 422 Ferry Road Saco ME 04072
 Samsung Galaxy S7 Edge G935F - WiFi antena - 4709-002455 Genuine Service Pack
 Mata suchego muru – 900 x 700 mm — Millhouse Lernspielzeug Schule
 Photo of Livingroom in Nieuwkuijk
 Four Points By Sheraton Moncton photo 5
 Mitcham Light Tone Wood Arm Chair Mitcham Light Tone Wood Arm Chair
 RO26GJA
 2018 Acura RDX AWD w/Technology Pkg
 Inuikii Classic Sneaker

• • • •

Give back exactly the lines from the one containing "Photo of Livingroom in Nieuwkuijk" through the end of the material above, and nothing else.

 Photo of Livingroom in Nieuwkuijk
 Four Points By Sheraton Moncton photo 5
 Mitcham Light Tone Wood Arm Chair Mitcham Light Tone Wood Arm Chair
 RO26GJA
 2018 Acura RDX AWD w/Technology Pkg
 Inuikii Classic Sneaker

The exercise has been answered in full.